Is the return statement considered to be an expression statement in C?

Question

I heard that if an expression is followed by a semicolon, then it is considered to be an expression statement.

Source: http://farside.ph.utexas.edu/teaching/329/lectures/node11.html

int x = 7;
x = 8;
x++;
x—-;
x = x << 1;

These are all expression statements.

But is this an expression statement too?

return 5;

And if not, then please throughly explain why.

And I would also appreciate it if you could tell whether the return satetement can be considered an expression statement in other languages as well.

Answer 1

A return statement and an expression statement are two different things.

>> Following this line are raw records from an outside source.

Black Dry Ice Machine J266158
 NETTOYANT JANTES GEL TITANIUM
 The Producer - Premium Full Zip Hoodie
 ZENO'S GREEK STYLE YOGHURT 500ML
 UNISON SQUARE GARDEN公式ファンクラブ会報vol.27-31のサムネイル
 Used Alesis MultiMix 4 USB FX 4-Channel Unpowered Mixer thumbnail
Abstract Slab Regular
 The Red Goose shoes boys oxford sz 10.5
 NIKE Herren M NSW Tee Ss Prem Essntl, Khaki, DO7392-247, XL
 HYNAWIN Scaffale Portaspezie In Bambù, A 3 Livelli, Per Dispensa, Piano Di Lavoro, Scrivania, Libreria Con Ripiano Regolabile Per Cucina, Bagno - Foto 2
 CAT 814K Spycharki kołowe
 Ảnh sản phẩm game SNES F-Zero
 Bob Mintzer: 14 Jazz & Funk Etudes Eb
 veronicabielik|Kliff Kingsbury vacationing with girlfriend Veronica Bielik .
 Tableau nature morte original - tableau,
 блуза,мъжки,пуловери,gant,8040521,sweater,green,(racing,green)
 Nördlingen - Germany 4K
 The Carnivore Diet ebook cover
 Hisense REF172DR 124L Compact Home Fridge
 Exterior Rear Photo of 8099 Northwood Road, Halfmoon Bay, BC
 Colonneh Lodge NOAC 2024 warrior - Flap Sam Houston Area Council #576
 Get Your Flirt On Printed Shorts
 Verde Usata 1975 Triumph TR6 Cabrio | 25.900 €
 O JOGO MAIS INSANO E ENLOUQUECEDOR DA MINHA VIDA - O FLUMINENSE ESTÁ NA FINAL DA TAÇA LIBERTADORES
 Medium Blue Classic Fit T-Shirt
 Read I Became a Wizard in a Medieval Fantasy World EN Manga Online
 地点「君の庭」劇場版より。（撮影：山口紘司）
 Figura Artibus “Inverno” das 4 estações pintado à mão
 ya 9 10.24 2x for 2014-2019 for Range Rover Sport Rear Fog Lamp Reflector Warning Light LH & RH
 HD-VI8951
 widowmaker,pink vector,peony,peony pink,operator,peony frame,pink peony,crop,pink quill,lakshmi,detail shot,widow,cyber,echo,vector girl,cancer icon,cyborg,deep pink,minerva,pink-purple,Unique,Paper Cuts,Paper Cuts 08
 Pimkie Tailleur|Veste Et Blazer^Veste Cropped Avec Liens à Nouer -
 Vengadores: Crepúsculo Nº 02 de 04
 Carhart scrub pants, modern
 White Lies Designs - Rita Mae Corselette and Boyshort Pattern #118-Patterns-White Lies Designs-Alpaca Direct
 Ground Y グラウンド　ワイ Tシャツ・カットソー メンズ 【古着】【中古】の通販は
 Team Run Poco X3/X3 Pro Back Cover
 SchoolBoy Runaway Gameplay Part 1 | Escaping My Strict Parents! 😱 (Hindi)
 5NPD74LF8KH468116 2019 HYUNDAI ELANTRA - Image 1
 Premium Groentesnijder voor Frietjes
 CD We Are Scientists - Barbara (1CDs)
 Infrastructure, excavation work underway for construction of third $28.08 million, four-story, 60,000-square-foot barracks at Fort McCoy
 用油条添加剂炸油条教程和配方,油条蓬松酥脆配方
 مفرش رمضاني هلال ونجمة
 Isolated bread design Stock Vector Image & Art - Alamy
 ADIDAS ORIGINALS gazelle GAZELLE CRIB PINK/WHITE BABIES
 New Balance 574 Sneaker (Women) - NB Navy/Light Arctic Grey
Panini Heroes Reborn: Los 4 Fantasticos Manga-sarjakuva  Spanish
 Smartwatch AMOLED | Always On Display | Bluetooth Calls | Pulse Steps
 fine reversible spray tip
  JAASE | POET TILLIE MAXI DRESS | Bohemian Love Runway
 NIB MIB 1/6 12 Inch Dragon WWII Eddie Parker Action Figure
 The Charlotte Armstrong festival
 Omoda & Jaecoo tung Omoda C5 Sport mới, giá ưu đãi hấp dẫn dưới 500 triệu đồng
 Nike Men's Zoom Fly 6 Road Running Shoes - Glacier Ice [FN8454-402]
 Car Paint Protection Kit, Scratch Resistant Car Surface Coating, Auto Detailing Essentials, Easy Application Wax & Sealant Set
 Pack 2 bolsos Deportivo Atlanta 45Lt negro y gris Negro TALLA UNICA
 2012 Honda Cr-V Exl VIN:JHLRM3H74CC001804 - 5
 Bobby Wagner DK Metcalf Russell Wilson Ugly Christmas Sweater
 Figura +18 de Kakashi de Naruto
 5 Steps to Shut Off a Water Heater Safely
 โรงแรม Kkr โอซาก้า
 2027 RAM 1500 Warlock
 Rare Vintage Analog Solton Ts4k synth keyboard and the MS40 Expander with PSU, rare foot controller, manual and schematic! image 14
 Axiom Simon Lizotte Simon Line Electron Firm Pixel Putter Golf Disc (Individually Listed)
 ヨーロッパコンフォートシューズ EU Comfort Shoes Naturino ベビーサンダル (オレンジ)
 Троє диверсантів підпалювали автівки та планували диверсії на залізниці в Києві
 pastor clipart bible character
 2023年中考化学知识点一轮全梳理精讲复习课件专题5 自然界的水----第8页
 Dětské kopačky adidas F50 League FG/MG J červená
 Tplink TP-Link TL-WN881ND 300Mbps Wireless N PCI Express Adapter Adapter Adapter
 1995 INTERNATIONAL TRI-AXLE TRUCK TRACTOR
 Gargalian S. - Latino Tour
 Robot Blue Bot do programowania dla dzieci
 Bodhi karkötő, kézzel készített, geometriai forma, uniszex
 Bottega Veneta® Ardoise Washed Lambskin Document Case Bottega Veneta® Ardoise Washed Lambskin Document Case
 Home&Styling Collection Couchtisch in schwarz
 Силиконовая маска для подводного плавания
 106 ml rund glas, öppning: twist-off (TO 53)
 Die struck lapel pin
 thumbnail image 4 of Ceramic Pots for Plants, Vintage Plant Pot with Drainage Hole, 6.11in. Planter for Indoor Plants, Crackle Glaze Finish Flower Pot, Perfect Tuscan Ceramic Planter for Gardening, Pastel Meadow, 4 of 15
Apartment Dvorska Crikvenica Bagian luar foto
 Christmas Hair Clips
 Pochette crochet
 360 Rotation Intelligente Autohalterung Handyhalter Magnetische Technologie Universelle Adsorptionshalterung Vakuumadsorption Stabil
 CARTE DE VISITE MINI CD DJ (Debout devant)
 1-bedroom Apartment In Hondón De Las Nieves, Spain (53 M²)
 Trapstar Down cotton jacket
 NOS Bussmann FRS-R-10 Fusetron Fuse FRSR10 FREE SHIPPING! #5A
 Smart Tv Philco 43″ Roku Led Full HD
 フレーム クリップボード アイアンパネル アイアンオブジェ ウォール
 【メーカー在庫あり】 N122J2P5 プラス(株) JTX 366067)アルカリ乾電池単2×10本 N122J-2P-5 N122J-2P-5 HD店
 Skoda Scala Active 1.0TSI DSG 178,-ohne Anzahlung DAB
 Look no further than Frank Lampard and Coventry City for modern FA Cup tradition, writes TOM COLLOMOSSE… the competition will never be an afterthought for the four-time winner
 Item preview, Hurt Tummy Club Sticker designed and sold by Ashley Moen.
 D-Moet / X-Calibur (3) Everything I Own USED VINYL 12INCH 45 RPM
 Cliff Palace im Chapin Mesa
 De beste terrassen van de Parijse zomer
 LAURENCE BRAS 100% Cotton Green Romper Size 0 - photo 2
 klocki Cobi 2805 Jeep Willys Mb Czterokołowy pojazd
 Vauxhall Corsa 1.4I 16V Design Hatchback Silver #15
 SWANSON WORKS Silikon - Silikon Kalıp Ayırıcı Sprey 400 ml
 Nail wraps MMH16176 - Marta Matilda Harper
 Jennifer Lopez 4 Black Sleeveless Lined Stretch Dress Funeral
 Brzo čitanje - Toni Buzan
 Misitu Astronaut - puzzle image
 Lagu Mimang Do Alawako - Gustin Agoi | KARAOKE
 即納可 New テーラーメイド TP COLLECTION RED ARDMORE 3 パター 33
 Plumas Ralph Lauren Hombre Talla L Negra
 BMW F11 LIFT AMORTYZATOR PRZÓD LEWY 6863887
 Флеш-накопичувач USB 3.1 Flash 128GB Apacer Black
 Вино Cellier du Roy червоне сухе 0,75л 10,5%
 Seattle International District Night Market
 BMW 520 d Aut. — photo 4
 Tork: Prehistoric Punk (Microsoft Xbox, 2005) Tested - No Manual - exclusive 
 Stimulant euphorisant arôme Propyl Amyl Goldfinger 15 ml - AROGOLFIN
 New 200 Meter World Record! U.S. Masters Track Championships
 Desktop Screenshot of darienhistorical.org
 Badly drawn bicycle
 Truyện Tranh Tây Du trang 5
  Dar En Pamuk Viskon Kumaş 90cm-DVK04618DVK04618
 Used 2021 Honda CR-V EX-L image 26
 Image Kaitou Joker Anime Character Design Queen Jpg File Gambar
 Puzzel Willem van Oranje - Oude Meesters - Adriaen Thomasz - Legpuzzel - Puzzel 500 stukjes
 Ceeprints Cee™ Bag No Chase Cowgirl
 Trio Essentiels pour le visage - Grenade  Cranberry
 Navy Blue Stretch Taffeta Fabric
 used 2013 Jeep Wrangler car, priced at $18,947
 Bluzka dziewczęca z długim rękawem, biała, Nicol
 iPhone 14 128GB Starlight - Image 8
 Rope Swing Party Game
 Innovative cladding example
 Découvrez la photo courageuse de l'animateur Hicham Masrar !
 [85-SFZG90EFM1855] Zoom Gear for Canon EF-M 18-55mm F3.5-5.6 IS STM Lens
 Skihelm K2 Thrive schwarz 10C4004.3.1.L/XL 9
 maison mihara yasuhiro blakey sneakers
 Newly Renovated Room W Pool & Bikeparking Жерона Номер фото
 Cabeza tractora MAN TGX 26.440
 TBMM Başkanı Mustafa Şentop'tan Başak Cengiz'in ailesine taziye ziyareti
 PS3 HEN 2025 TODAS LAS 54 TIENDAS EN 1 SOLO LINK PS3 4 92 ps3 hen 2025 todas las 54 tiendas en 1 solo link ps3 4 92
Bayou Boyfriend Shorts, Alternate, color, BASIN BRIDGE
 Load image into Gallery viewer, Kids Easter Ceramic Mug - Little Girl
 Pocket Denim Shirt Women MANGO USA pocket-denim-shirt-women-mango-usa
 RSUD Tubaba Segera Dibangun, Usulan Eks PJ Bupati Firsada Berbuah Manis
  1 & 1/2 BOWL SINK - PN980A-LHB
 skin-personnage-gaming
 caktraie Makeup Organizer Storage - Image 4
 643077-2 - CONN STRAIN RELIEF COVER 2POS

Section 6.8.3 of the C standard gives the syntax for an expression statement:

expression-statement:

• expression _opt ;

While section 6.8.6 gives the syntax of a return statement:

jump-statement:

• goto identifier ;
• continue;
• break;
• return expression _opt ;

Also, this is not an expression statement (in fact not a statement at all):

int x = 7;

But a declaration .

Answer 2

This is basically answered by Expression Versus Statement . The key question is: Does a return evaluate to a value (eg could you do x = return 5; ?). Clearly it does not, so it is a statement, not an expression. Expression statements are just expressions used as statements; if it's not an expression, it can't be an expression statement, so return does not form an expression statement.

Answer 3

No. Expression statements are (optional) expressions followed by ; .

return 5 isn't an expression. That's because it doesn't evaluate to a value (you can't assign return 5 to anything) and because it's specifically defined as a jump statement , which is a type of statement distinct from expression statements .